■ **INSTRUCTIONS FOR THE TASK**
The full listing, copied exactly and free of pictures, is the expected reply.

■ **SUPPLIED MATERIAL**
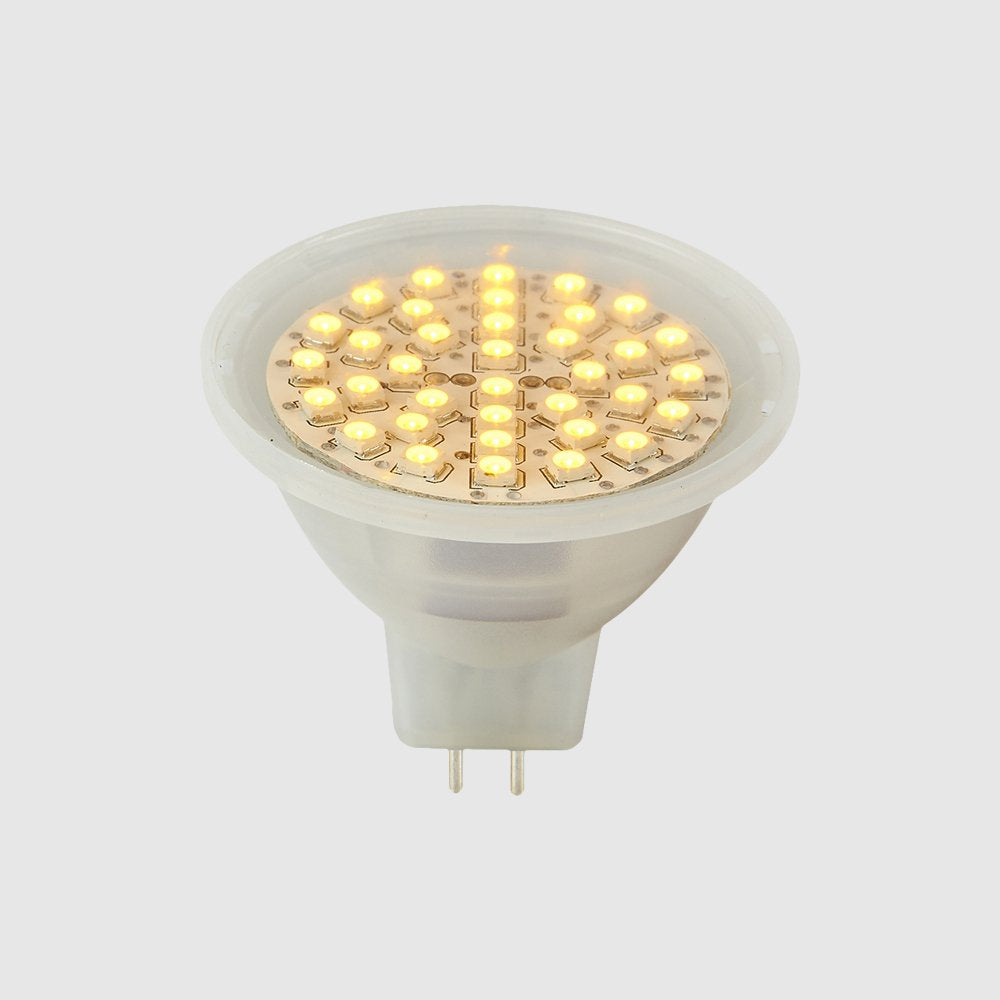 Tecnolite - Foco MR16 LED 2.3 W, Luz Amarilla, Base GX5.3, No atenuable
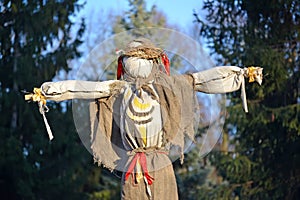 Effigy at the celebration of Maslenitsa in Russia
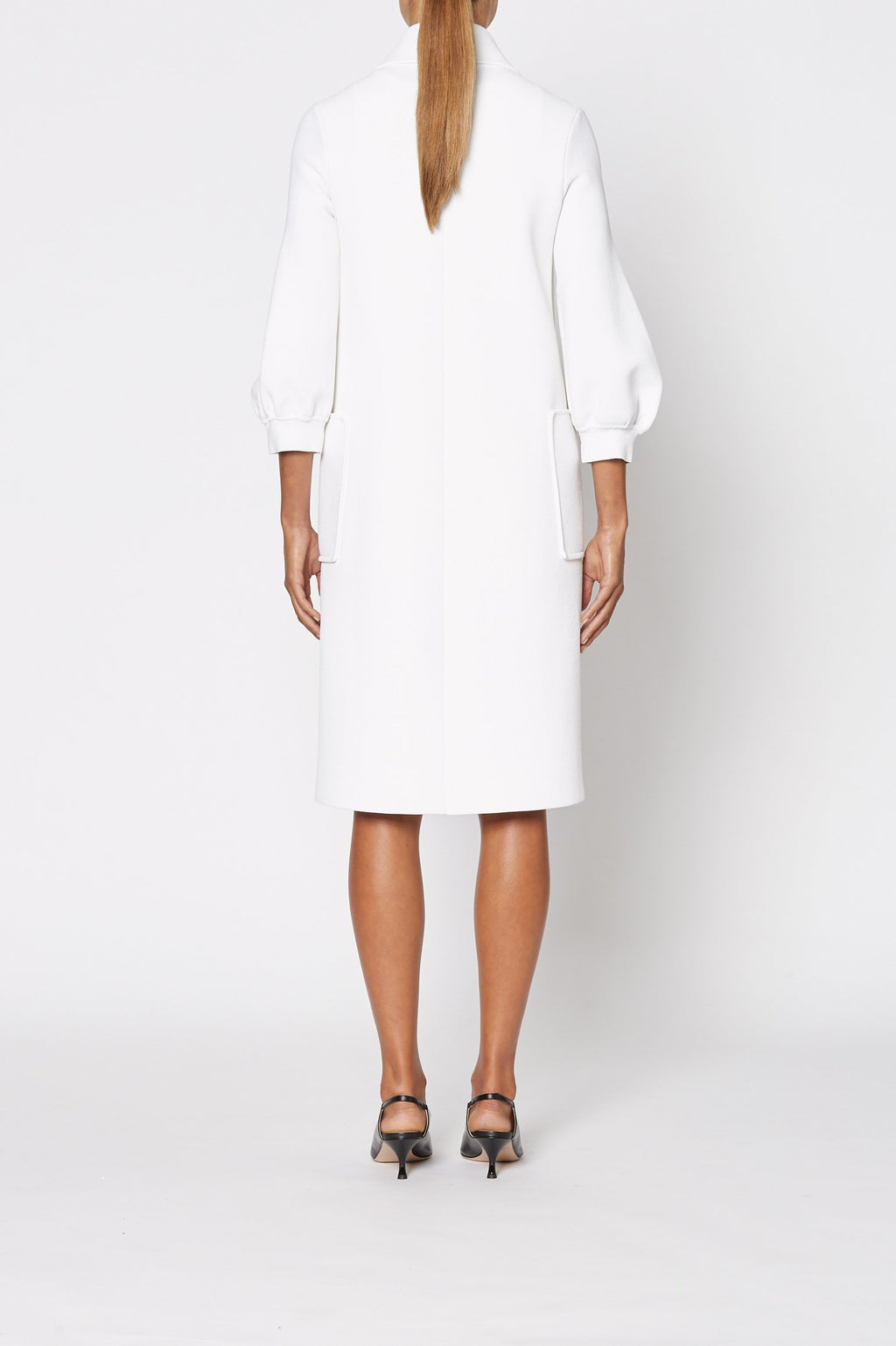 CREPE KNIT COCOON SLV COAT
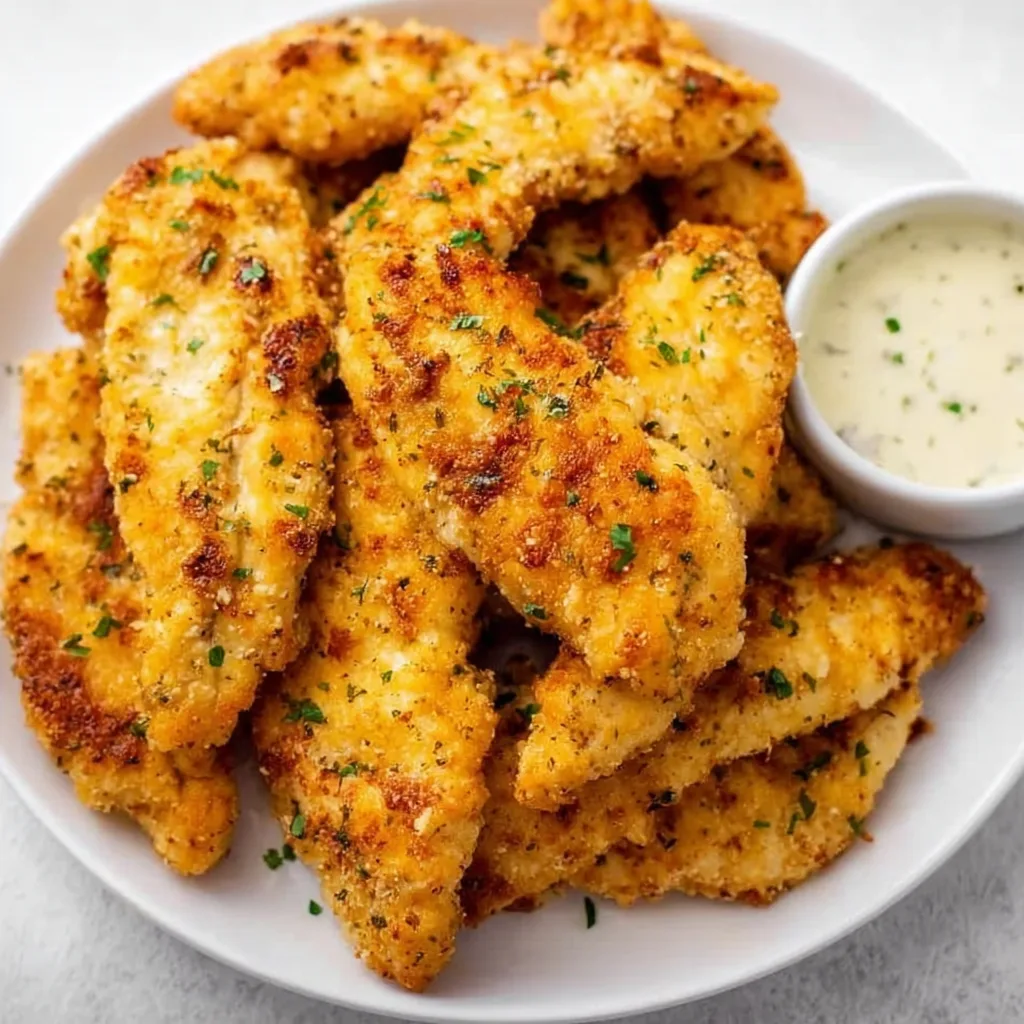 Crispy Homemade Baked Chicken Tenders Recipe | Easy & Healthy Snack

■ **FINISHED EXERCISE**
 Tecnolite - Foco MR16 LED 2.3 W, Luz Amarilla, Base GX5.3, No atenuable
 Effigy at the celebration of Maslenitsa in Russia
 CREPE KNIT COCOON SLV COAT
 Crispy Homemade Baked Chicken Tenders Recipe | Easy & Healthy Snack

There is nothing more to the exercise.